We’ve all been there – the standard night out, that follows the predictable trajectory to a tee.
Here are the 27 steps to those nights that we’ll all be all-too-familiar with, illustrated – just to make things interesting, for a change – with some of the weirdest stock imagery we could get our hands on.
Step 1: Get ready
Getting dressed and looking sharp is always the first step for a successful night out. You take out that trilby hat you bought on holidays in Tenerife two years ago but have never felt confident enough to wear out in public. You try it on. Admire yourself in the mirror for a couple of minutes, then toss it back in the wardrobe.
Maybe next time.
Step 2: Getting in the mood
The second step is equally as important. You look the part but do you feel the part?
To set the mood for the night you treat yourself to a pre-going out drink, put on an energising song and dance around your living room. Instant uplift, until the next song on your playlist is Radiohead and you spend the next five minutes curled up in the corner of your bedroom quietly sobbing.
Step 3: Adjustment
As you dance around your living room, you catch sight of yourself in the mirror and realise that this outfit just won’t do. You change clothes. Try on the trilby again, and discard it just as quickly, dreaming of a day when the trilby will be socially acceptable.
With that, it’s time to head to the pub.
Step 4: Time management
You time your arrival to be twenty minutes after the designated meeting time in The Hairy Lemon, as you’re walking in on your own and don’t want to end up standing around on your own like an eejit.

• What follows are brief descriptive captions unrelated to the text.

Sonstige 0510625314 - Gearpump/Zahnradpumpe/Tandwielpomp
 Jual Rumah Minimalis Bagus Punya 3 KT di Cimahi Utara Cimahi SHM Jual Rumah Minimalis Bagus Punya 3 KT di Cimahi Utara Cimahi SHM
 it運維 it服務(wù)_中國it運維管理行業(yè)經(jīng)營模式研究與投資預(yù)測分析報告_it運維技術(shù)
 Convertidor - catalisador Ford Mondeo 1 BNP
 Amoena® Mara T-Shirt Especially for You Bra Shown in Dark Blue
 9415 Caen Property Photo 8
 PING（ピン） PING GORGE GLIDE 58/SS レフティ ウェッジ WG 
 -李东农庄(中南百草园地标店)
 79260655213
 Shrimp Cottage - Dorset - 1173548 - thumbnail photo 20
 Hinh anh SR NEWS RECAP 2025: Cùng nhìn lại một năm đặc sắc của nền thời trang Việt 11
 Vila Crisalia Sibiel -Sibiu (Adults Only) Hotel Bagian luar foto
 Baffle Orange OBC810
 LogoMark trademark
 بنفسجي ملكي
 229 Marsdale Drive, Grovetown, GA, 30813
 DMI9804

None of your friends are there yet.
Step 5: Stand around on your own like an eejit
You spend the next half an hour trying to make it seem like you are completely comfortable and okay with standing in a crowded bar on your own. You stare blankly at your phone.
Open Tinder, flicking through people until your ex’s profile shows up. Immediately delete Tinder from your phone. Spend the rest of the time pointlessly scrolling up and down your Facebook newsfeed, wondering why your friends are posting on Facebook when they are supposed to be here?
Try to hide your escalating panic and paranoia that this night is all an elaborate prank by your so-called friends who have secretly hated you all these years. You are about to have a complete panic attack when…
Step 6: Your friends arrive
Your friends arrive in the bar. Their eyes light up when they see you. You try to hold back your tears of relief.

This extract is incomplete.